If you have more than one plot that needs to be suppressed, you can use the `use` method in `pandas.plotting.plot_params` with a `with` statement:

In [None]:
# Suppress tick resolution adjustment for multiple plots
plt.figure(figsize=(10, 6))
with pd.plotting.plot_params.use('x_compat', True):
    df['A'].plot(color='r', label='A')
    df['B'].plot(color='g', label='B')
    df['C'].plot(color='b', label='C')
plt.legend()
plt.title('Multiple Time Series with Suppressed Tick Resolution')

### 4.2 Automatic Date Tick Adjustment

For time series plots with overlapping tick labels, you can use matplotlib's `autofmt_xdate` method to automatically format the x-axis date ticks:

In [None]:
# Create a time series with daily data
daily = pd.Series(np.random.randn(30), 
                 index=pd.date_range('1/1/2020', periods=30, freq='D'))
daily = daily.cumsum()

# Create a figure and plot
fig, ax = plt.subplots(figsize=(10, 6))
daily.plot(ax=ax, title='Time Series with Automatic Date Tick Adjustment')

# Automatically format the x-axis date ticks
fig.autofmt_xdate()

## 5. Creating Custom Plots

You can create custom plots by combining pandas plotting with matplotlib's object-oriented interface:

In [None]:
# Create a custom plot with a line plot and a scatter plot
fig, ax = plt.subplots(figsize=(10, 6))

# Plot a line
df['A'].plot(ax=ax, style='b-', label='Line')

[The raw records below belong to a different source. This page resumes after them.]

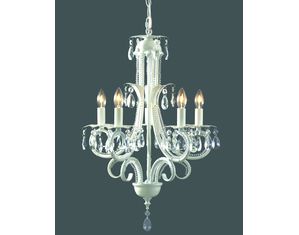 Z-Lite 849W Parisian Crystal Chand. 5 Light Crystal Candelabra White
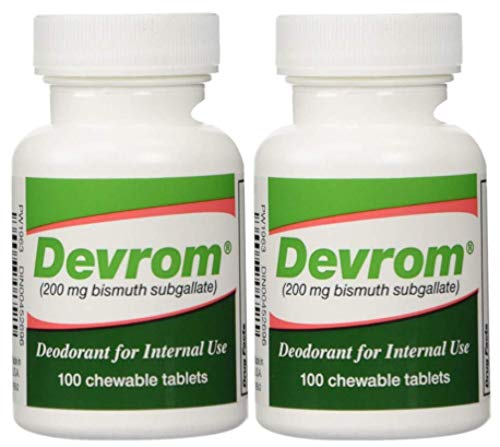 Devrom Erectogen DEVROM Tablets – Internal Deodorant, 200mg, 100 Chewables (2 Bottles)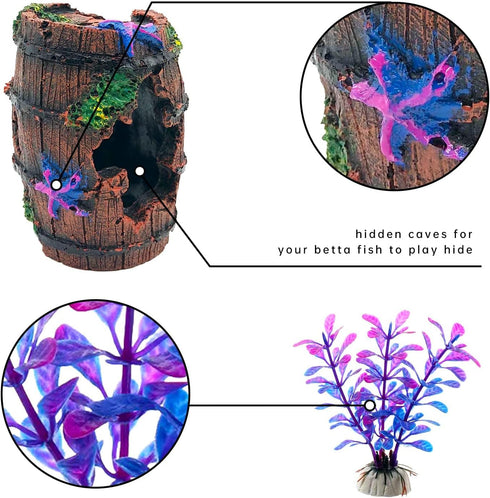 Faeshoo Fish Tank Decoration Betta Fish Tank Decorations Accessories for Aquarium Tank, Starfish Barrel x 1pc, Aquatic Plants x 4pcs...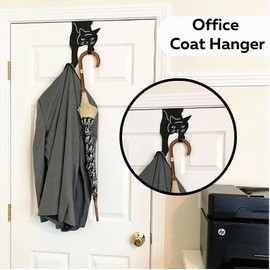 EatingBiting Lucky Black Cat Hooks Over The Door Hook for Hanging Organizer Strong Metal Hook Black-Over The Door Organizer-Strong Metal Hooks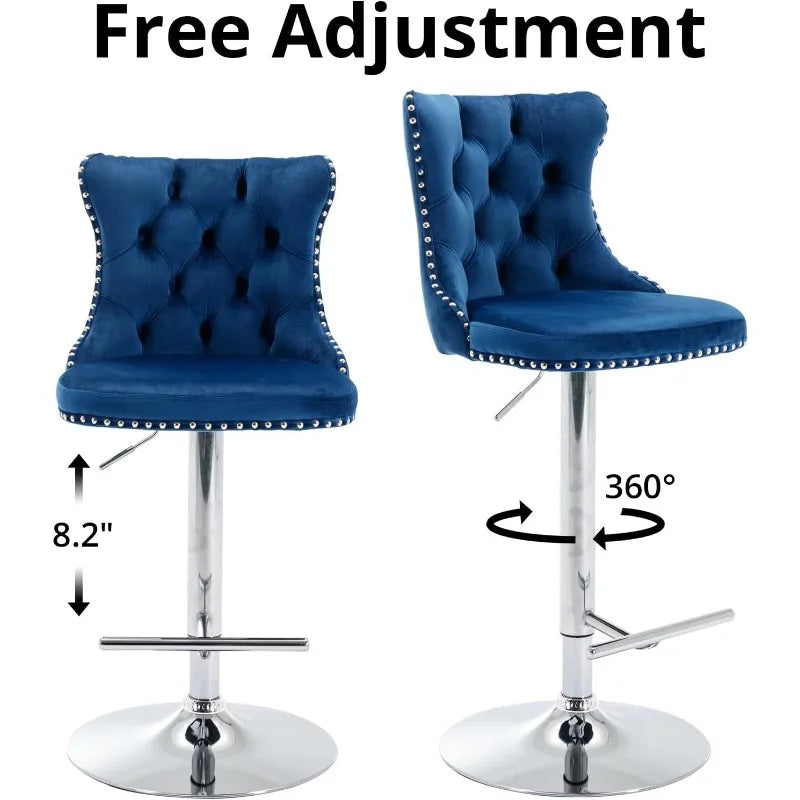 Swivel Bar Stools Set of 2, Adjustable Counter Height Barstools with Nailheads Trim, Button Tufted Back and Silver Footrest,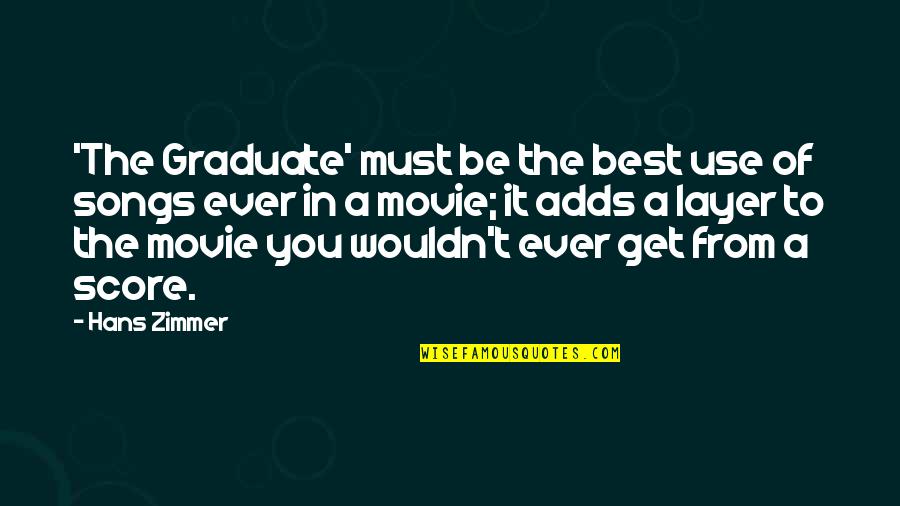 The Best Of You Quotes By Hans Zimmer: 'The Graduate' must be the best use of The Best Of You Quotes By Hans Zimmer: 'The Graduate' must be the best use of
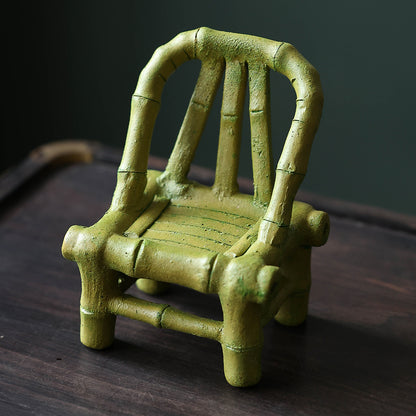 Gohobi Yixing Purple Clay Bamboo Rocking Chair Tea Pet – Handmade Tea Table Ornament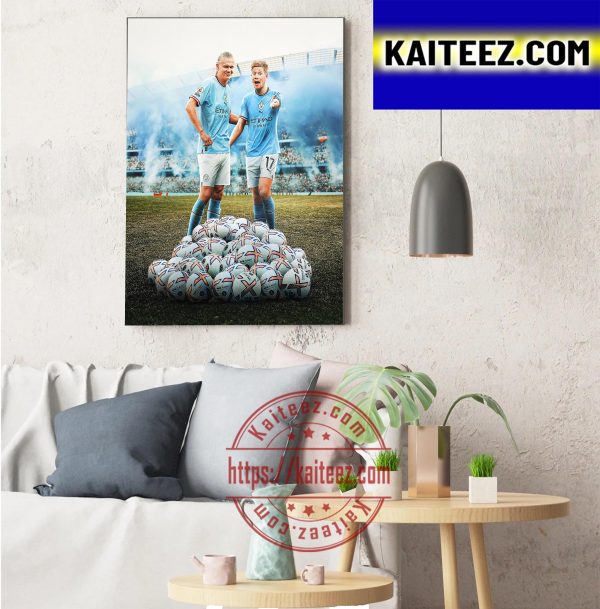 Erling Haaland vs Kevin De Bruyne Is Goal Of Premier League Decorations Poster Canvas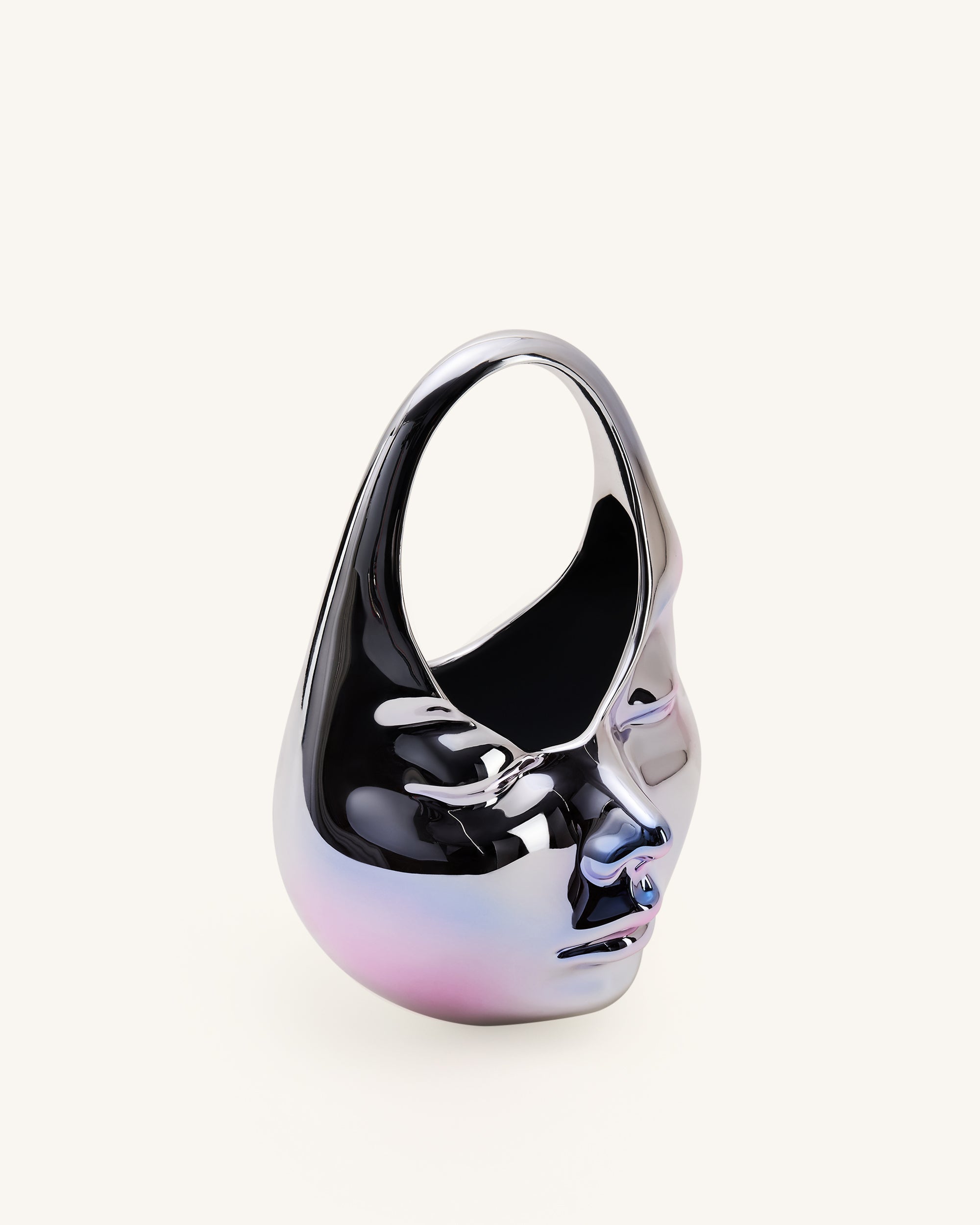 Jw Pei Lillian Face Crescent Top Handle Bag Silver
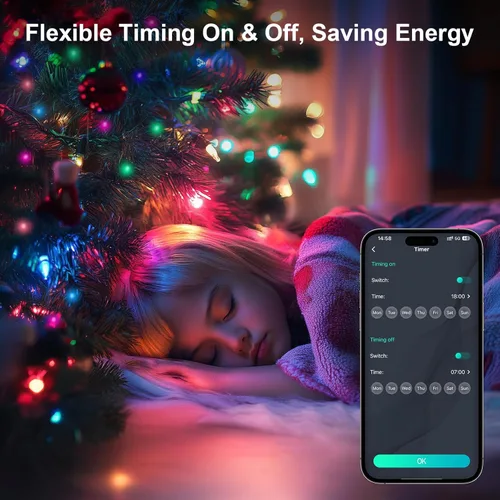 Vista 7 de Super RGB Guirnalda de luces de globo que cambian de color de 16.4 pies, 33 LED, luces LED inteligentes con control remoto y control por aplicación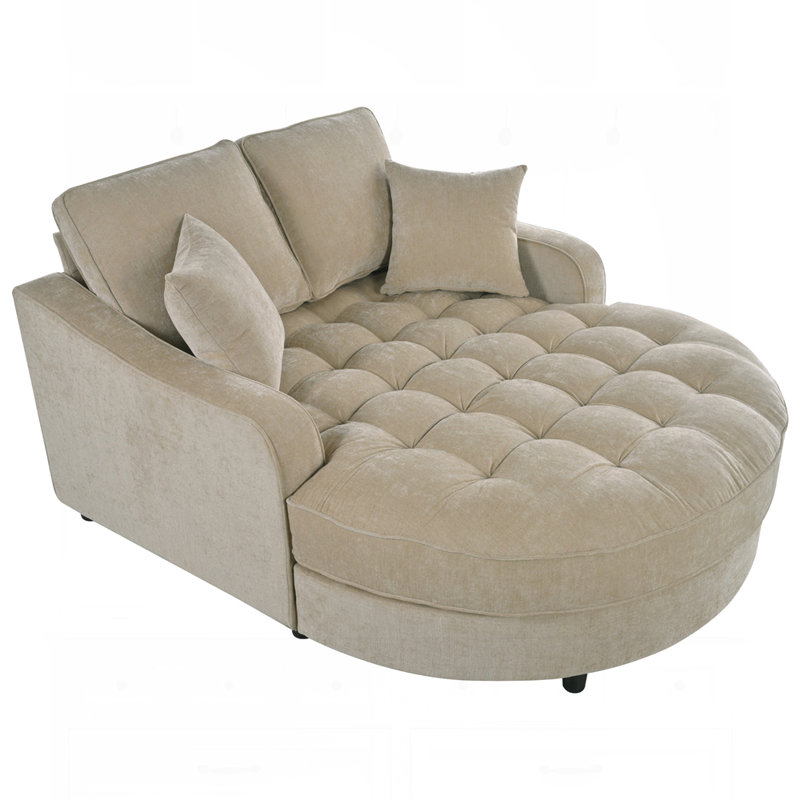 55" Modern Chaise Lounge Sofa Bed Upholstered Sofa Couch with Tufted Seat and Detachable Pillows, Champagne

# Add a scatter plot on the same axes
ax.scatter(df.index[::50], df['B'][::50], color='r', s=50, label='Points')

# Customize the plot
ax.set_title('Custom Plot: Line and Scatter')
ax.set_xlabel('Date')
ax.set_ylabel('Value')
ax.grid(True, alpha=0.3)
ax.legend()

plt.tight_layout()

## Summary

In this notebook, we've explored additional visualization techniques in pandas, including:

1. Hexagonal bin plots with custom aggregation functions
2. Pie charts for both Series and DataFrame data
3. Working with multiple axes for variables with different scales
4. Time series plotting customizations, including:
   - Suppressing tick resolution adjustment
   - Automatic date tick adjustment
5. Creating custom plots by combining pandas plotting with matplotlib

These visualization techniques provide powerful tools for exploring and presenting your data effectively.